(ABOUT THIS TASK): Write out the lines of the material below exactly, beginning at the line with "Уценка! Краб цветок для волос, арт.08.0775" and stopping after the line with "Ebony Chapter 160 - Page 4", and leave out the pictures.

START SUPPLIED RECORDS

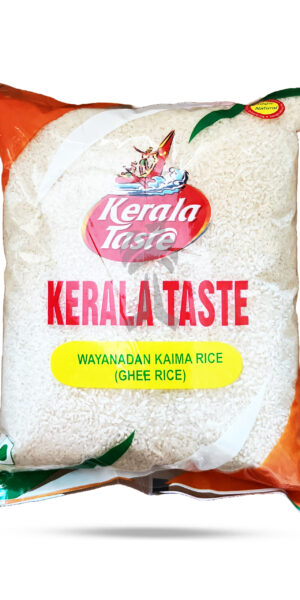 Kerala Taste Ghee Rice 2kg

END SUPPLIED RECORDS
START SUPPLIED RECORDS

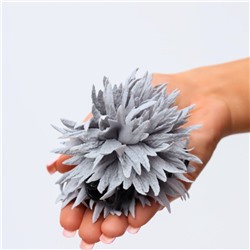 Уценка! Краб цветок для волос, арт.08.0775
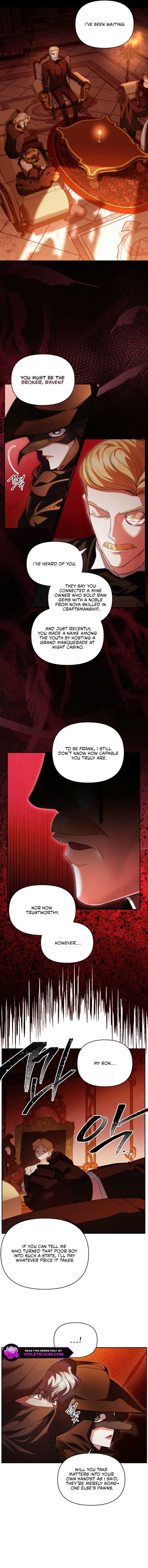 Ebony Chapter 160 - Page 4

END SUPPLIED RECORDS
START SUPPLIED RECORDS

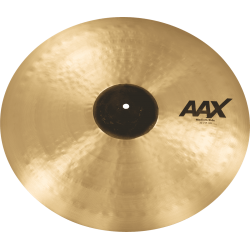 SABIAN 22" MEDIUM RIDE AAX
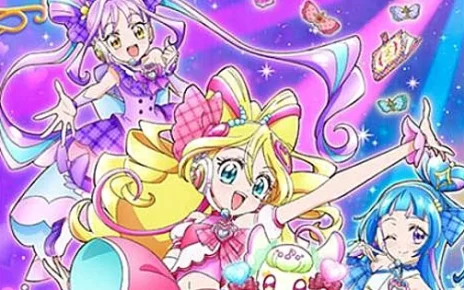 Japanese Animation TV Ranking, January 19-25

END SUPPLIED RECORDS

(YOUR SOLUTION):
 Уценка! Краб цветок для волос, арт.08.0775
 Ebony Chapter 160 - Page 4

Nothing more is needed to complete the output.